It is always fun speculating about what teams will step up in the upcoming year. After an offseason full of speculation and player movement, we are approaching the promised land that is Opening Day.
Teams like the Brewers and Yankees have reloaded their rosters and will expect great things in 2018. Who will be the ones to take a step back though?
Los Angeles Dodgers
The Dodgers finished 2017 with 104 wins, which almost turned out to be a disappointment as some people thought they would have a shot at the coveted 116 mark. They hit a snag late in the summer though with just one win over a 17-game stretch from late August into September.
Nonetheless, Los Angles picked themselves up by the bootstraps and dominated in October. They only lost five games in the entire postseason, but that was not good enough as they fell one short by falling to the Astros.
Winning the World Series is about as much improvement as this team can make after losing in seven games last year. There isn’t anywhere else to go if they are to improve. That is why they are a prime candidate to regress in 2018.
The only notable move the Dodgers made was a salary dump in which they also acquired former Dodger, Matt Kemp. Some thought that Kemp would immediately be released, but it looks like they are holding onto him and they may even start him. However, the addition of Kemp is not enough for this team.
Yu Darvish is now a Chicago Cub, and even though the Dodgers are still a prime contender, it is still conceivable to see the Nationals, or even the Brewers, outplay them in October.
This one is a no-brainer. Ever since Derek Jeter and his ownership group gained control of the Miami Marlins, things have gotten ugly. Miami managed to win 77 games in 2017, which is nothing to write home about, but they didn’t have that bad of a team.
With Giancarlo Stanton, Marcell Ozuna and Christian Yelich being one of the best outfield trios in baseball, things looked good in Miami. Jeter and company did not see it that way though. They elected to blow the whole thing up by trading all those guys away along, with Dee Gordon. Now, Miami is one of the least desirable places to play baseball.
Jeter has acknowledged that this process will take time, but the pushback has not been easy. Dan Le Batard lit up Rob Manfred for letting this sale happen, which led to the destruction of the current Marlins. If you were to ask ownership though, the current cast was not going anywhere.
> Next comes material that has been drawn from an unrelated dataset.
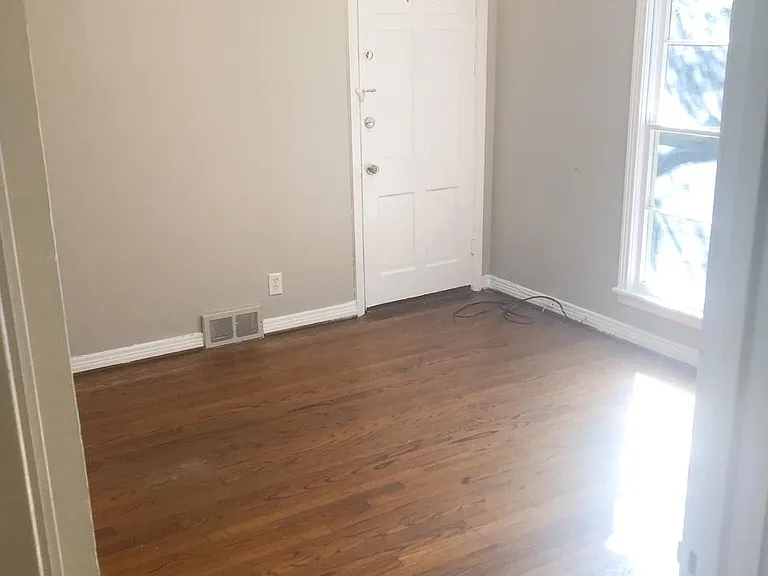 4414 Holland Ave — Photo 12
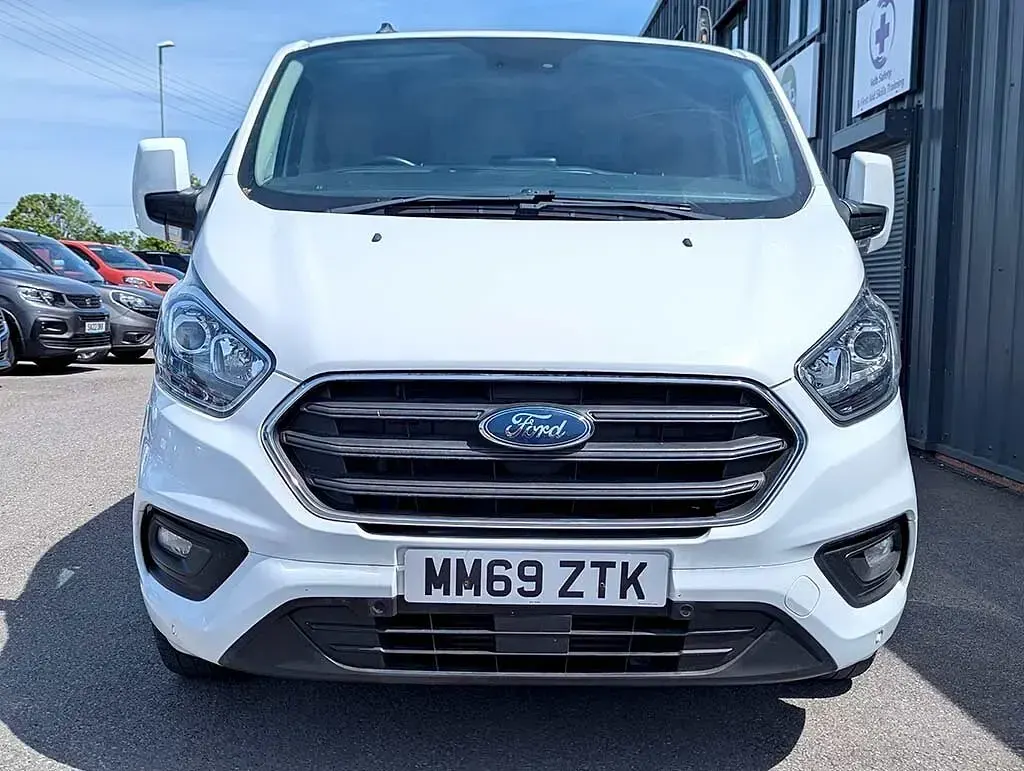 Used Ford Transit Custom Limited 130 HP (95 kW) 2019 White Van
We will look back in six or seven years and have a better grasp on whether or not this was the right call for a floundering organization. For the time being though, it does not look good.
Another team from the NL West will be taking a step back in 2018. The Arizona Diamondbacks put in a solid 2017 season, coming in second place in the West behind Los Angeles. After beating Colorado in the Wild Card, Los Angeles let them know why they were a second place team by sweeping them out of October.
Arizona has not had any key losses by any means, but they could possibly fall victim to the powerful division that is the National League West. Both San Francisco and San Diego saw how their divisional counterparts were doing and decided to make some moves to get more competitive. The Giants especially have shown that they take their even years seriously by acquiring Andrew McCutchen and Evan Longoria.
The Diamondbacks still have some solid rotational pitching along with great bats like Paul Goldschmidt and A.J. Pollock. They won’t have the same teams to beat up on in the bottom of the division anymore. On top of that, they still have to deal with the Dodgers, who may regress, but are still a dominant team in the National League.
The Pirates fall into the same category as the Miami Marlins. Although they did not have the same sort of future potential as the Marlins, they pretty much jumped ship on their current roster.
The two faces of the franchise were Andrew McCutchen and Gerrit Cole. Neal Huntington did not hesitate to keep them though as he shipped both of them out West. The Pittsburgh faithful were not happy with this decision, as they are pretty much abandoning the coming seasons.
They may have realized that nothing was coming from the current core, or they could have recognized the other teams in the division and seeing what they were looking like.
The entire league looks tough right now, and that is why the Pirates may be looking to invest in their future now. After all, it is not ridiculous to try to pull off the same sort of success achieved by Theo Epstein in Chicago and Jeff Luhnow in Houston.